Jerry Lee hollered to the engineer to stop the durn train and the boys grabbed their new 45-70 Winchester Highwalls and took off after the bear. Rick had just finished washing his hair and didn’t want to muss it up so he stayed with the train. Jerry Lee and Dick climbed higher and higher up the mountain trailing the bear. They saw an opening in the mountain and figured that was the bear’s den. They poked their heads into the hole very carefully and were amazed. The hole had no bottom. Several rocks were tossed into the hole and Jerry Lee and Dick could not hear them land. Gul Durn, no bear but the boys did find a huge cave. They backtracked down the mountain about half way, refreshing themselves at a little creek and found a nice grove of Rocky Mountain Maple and resting beneath that was a little herd of Rocky Mountain sheep. They shot two and drug them down the mountain back to the train. They had them cooked up for dinner for the folks now swimming and frolicking in the river. The next day Jerry and Dick took lanterns and ropes back up the mountain and explored their cave. Rick had just put a rinse on his hair and couldn’t be dragged away. Dick and Jerry Lee wondered what to call their discovery and settled on Clark and Lewis Labyrinth.

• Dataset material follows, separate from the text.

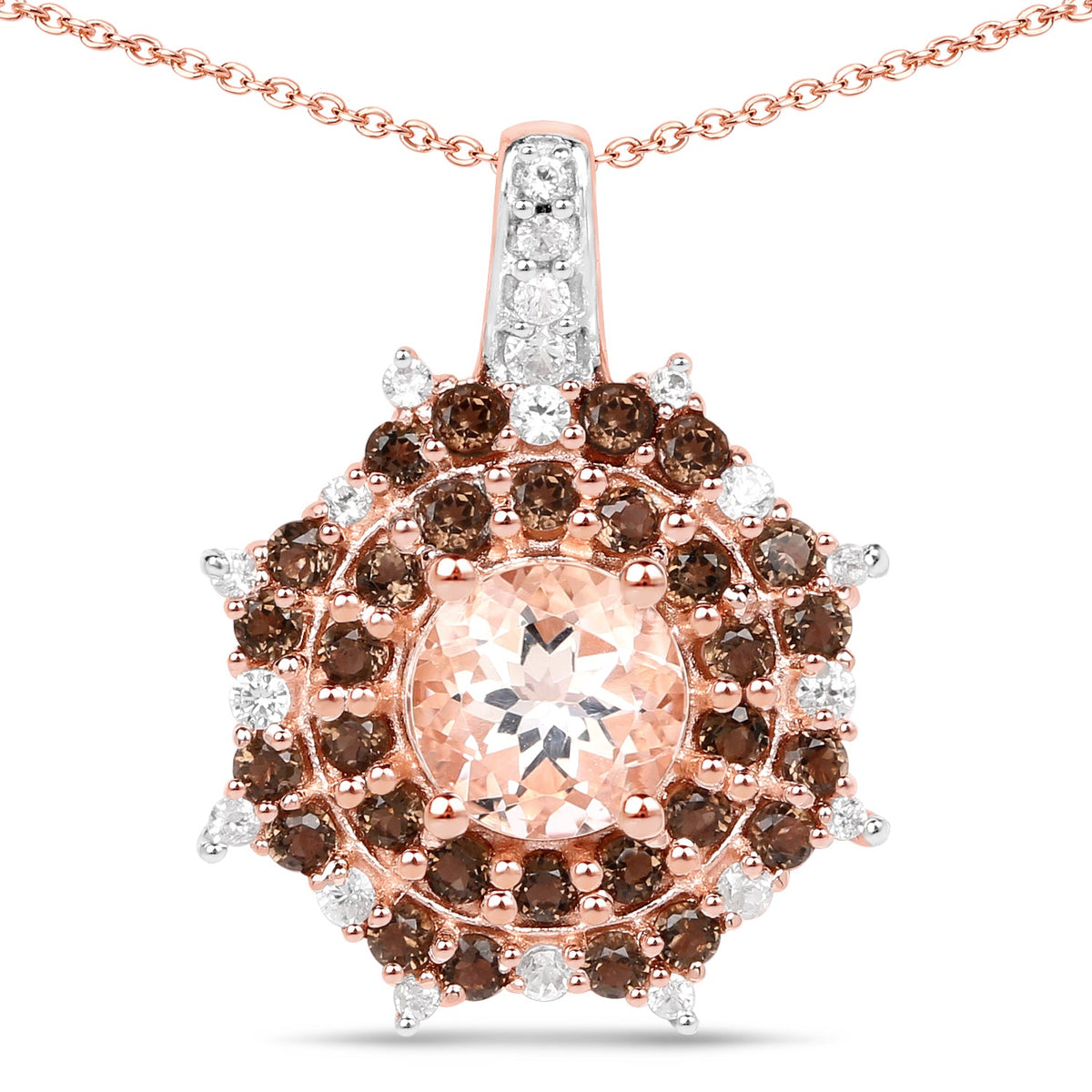 Colgante de plata de ley 925 chapado en oro rosa de 18 quilates con morganita auténtica de 1,61 quilates, cuarzo ahumado y circonita blanca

They had to make tracks now for the Yellowstone Lodge and their summer gig so they kept the cave discovery to themselves. The 3 buddies made a bundle at the lodge and found a steady source of bear grease at Yellowstone. Seems the tourist folks got to feeding bears garbage and often times the garbage was pretty ripe and killed the bears outright with nary a shot fired. Dick, Jerry Lee and Rick sold their weapons to Gene Autry. Now Rick was miffed that he never got to see the labyrinth that Dick and Jerry Lee discovered or even got his name attached to it but after he worked out his hair obsession went on to become a famous rock star in new Hollywood way out in California. All three of these young talented men went on the find the women of their dreams and fathered several children each, and their children did the same so if the names sound a tad familiar you must be thinking of the great great grand sons of our Clark and Lewis story.